Helvipad: A Real-World Dataset for Omnidirectional Stereo Depth Estimation

1École Polytechnique Fédérale de Lausanne (EPFL), 2TU Darmstadt
*Project Lead

Abstract

Despite considerable progress in stereo depth estimation, omnidirectional imaging remains underexplored, mainly due to the lack of appropriate data.

We introduce Helvipad, a real-world dataset for omnidirectional stereo depth estimation, consisting of 40K frames from video sequences across diverse environments, including crowded indoor and outdoor scenes with diverse lighting conditions. Collected using two 360° cameras in a top-bottom setup and a LiDAR sensor, the dataset includes accurate depth and disparity labels by projecting 3D point clouds onto equirectangular images. Additionally, we provide an augmented training set with a significantly increased label density by using depth completion.

We benchmark leading stereo depth estimation models for both standard and omnidirectional images. The results show that while recent stereo methods perform decently, a significant challenge persists in accurately estimating depth in omnidirectional imaging.
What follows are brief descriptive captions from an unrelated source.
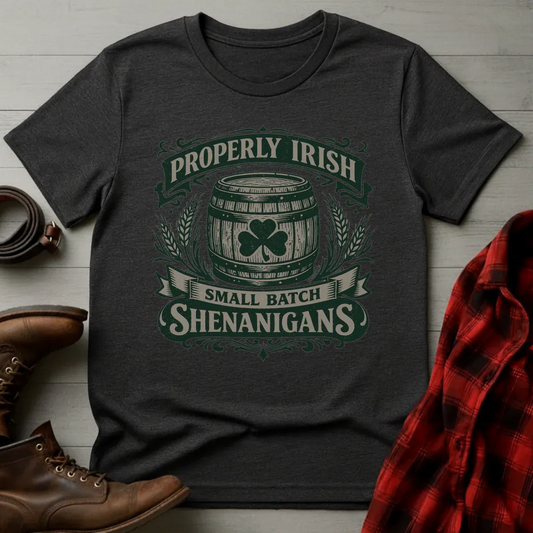 Properly Irish Small Batch Whiskey Shenanigans T-Shirt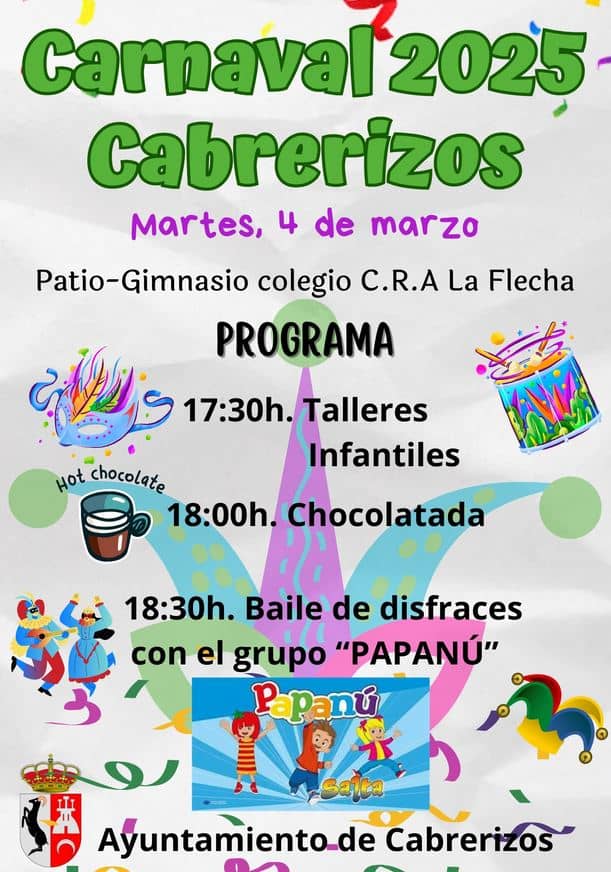 Carnaval 2025 en Cabrerizos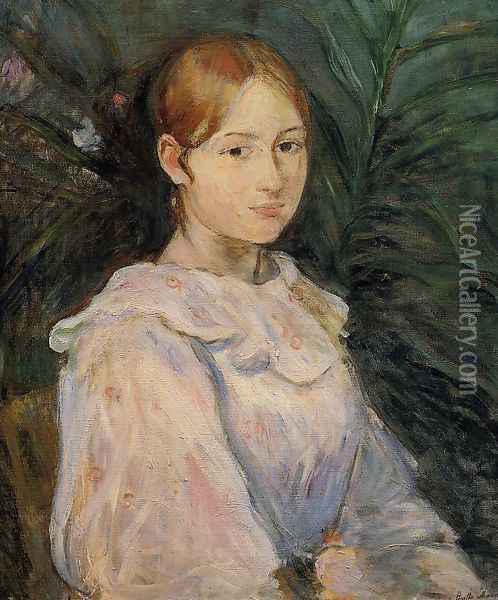 Bust Of Alice Gamby Oil Painting - Berthe Morisot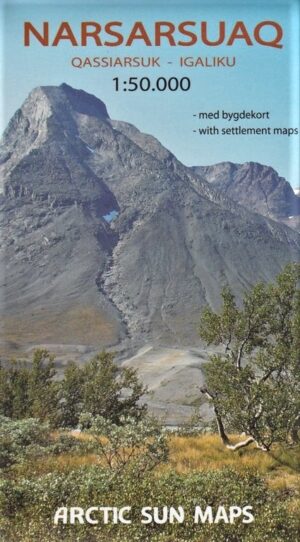 Narsarsuaq - Qassiarsuk - Igaliku | wandelkaart 1:50.000 9788799292509  Arctic Sun Maps Greenl. Hiking Maps  Wandelkaarten Groenland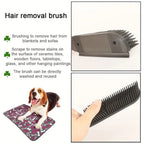 Portable Flexible Plastic Pet Grooming Mitt Roller Dog Hair Remover Brush for Carpets Car Interiors Easy Portable Lint Cleaner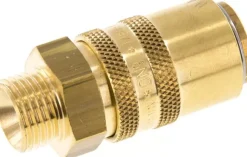 Temperier-Schnellkupplung 13mm Zapfen,M 16x1,5(AG), für Stecker beidseitig absperrend
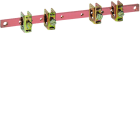 Hager - Kit connecteur d'arrivée de terre à cavaliers largeur 245mm pour quadro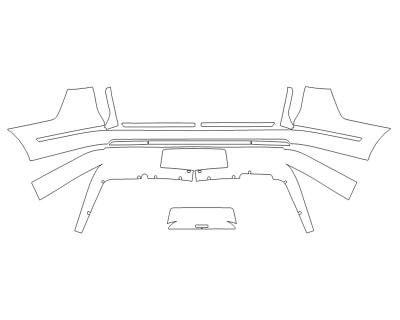 2024 LINCOLN NAVIGATOR PREMIERE REAR BUMPER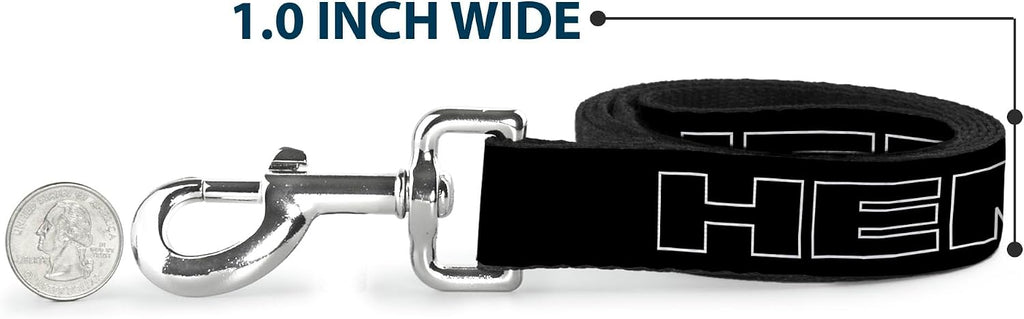 Official licensing brand tag on heavy duty pet accessory
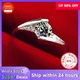 Damen elegante solide Silber Ring Luxus Zirkon Diamant Ring Ehering Braut Mode Accessoires heißen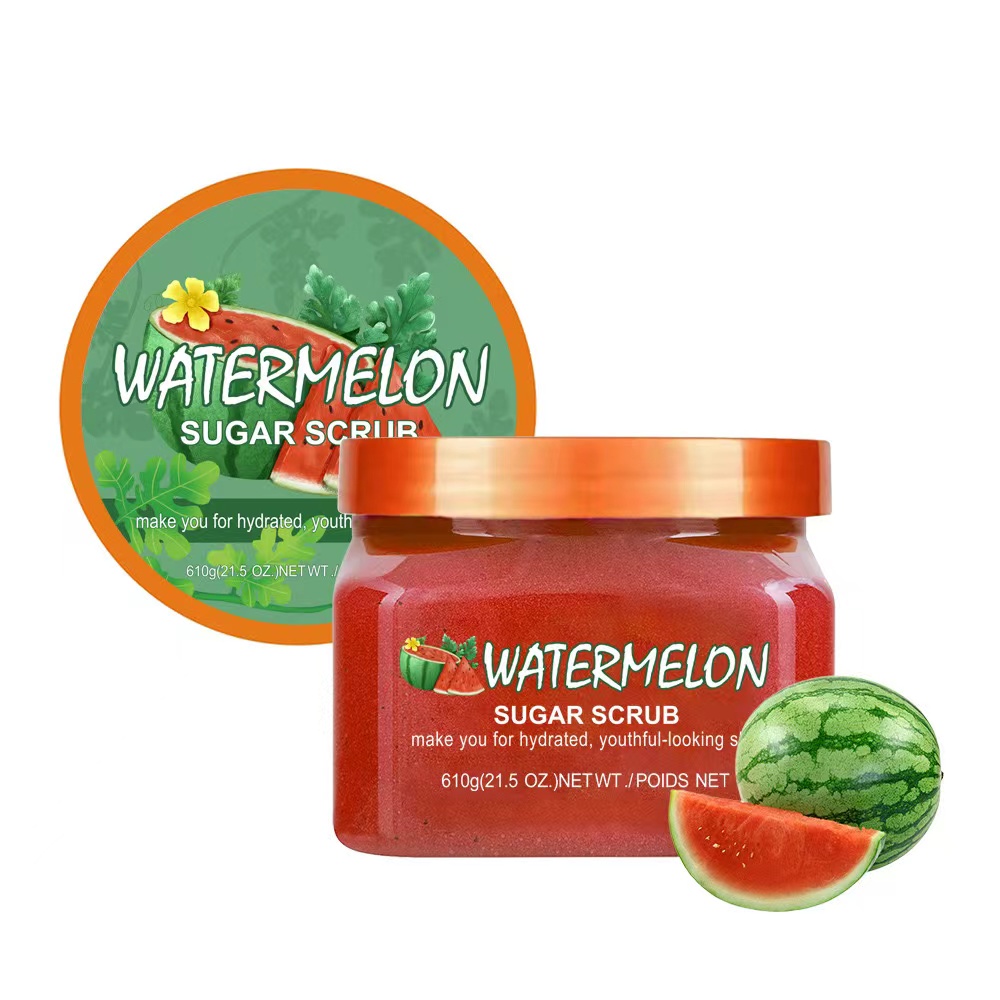 Body scrub watermelon scent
To address this, we introduce necessary adaptations to stereo models, achieving improved performance.

Dataset

The Helvipad dataset includes of 39,553 labeled frames from indoor and outdoor scenes under various lighting conditions.

Dataset visualisations

The equipment setup of our data acquisition includes:

  • 2 Ricoh Theta V cameras, capturing images in 4K/UHD equirectangular format with an initial size of 3840 × 1920 pixels at 30 fps, mounted in a top-bottom arrangement with a 19.1 cm baseline between them.
  • Ouster OS1-64 LiDAR Sensor, providing 64 beams, a vertical field of view of 45°, and capable of measuring depths from 0 to 120 meters at 10 fps, mounted 45.0 cm below the bottom camera.
  • Nvidia Jetson Xavier, serving as the central processor to manage data capture and ensure synchronization across all devices during data collection.
LiDAR to 360° Mapping Illustration

Data was extracted from video sequences captured between December 2023 and February 2024. Each sequence is synchronized with its corresponding LiDAR point clouds, which are projected on frames to obtain depth maps and disparity maps.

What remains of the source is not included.